她至今都想不明白,為什麼薛昭會做出那樣的事……
翌日一早。
謝凜下了早朝。
許傾就等著謝凜回來呢,見他回來之後,大步流星理所應當的走上了前去,並攔住了他:「我要跟你談談。」
「談?有什麼好談的嗎?」
「有什麼好談的嗎?」許傾模仿謝凜的口吻反問他。
謝凜不理不睬,徑直的往前走。許傾則是為了能時刻面對他,後退著往後倒著走。
「謝凜,不過就這點兒事而已,你是不打算跟我繼續過下去了嗎?」
「從本王眼前消失!」
「你知不知道你真的很小心眼兒?」
「誰心眼兒大,誰心胸寬廣,你大可以去找誰去,沒必要在本王面前囉嗦這些。
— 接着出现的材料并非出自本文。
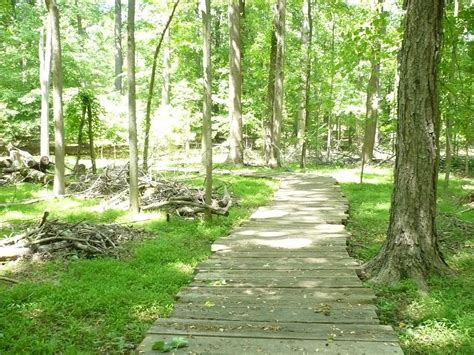 Greenbelt Park - All You Need to Know BEFORE You Go (2025)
因為本王這一輩子都小心眼兒,心狠手辣且斤斤計較。」
謝凜悶頭往前走,許傾偏偏就是不放過他。
「你是打算這輩子就這麼不理我了嗎?」
「走開!」
「你不跟我談,我現在就捲鋪蓋走人。」
「你可以試試。」謝凜回頭,以狠毒的目光警示她。
許傾開始用話刺激他:「王爺你該不會是怕我跟你掰扯昨天晚上的事吧?如果真是這樣,那你多慮了。我也沒心思,更沒有義務應對你的無理取鬧。」
「你知道自己在說什麼嗎?」
「我昨天晚上不是故意要那個時候去錢莊的。也不是特意拉著薛昭一起去,銀票本來就是吳四老早之前付給薛昭的。但是這裡面的事情似乎也不是那麼簡單,你不想聽聽嗎?」
「想說什麼?」
「你進來我就告訴你。」
進屋後,謝凜坐在一旁,直勾勾的盯著許傾。
許傾說:「你不用跟我在這兒擺臭臉,我現在一想到我要看你一輩子的臭臉,我心裡就堵得慌。」
「膩了?」
「快了。」
經過了一夜的沉澱後,許傾沒心思跟他爭論什麼。
「我昨天去了錢莊,問了問。商會確實是吳四出的錢不假,但是這錢卻不是吳四的,吳四花的是陳廣生的錢。」
「你說什麼?」謝凜一驚。
「王爺可能還不知道。吳錦娘和陳廣生兩人原本是有婚約的。只是後來才把婚約取消。由此可見,陳家和吳家的關係匪淺。而且這次的事,陳廣生在暗地裡想要通過利用錦娘的可憐,來算計我。」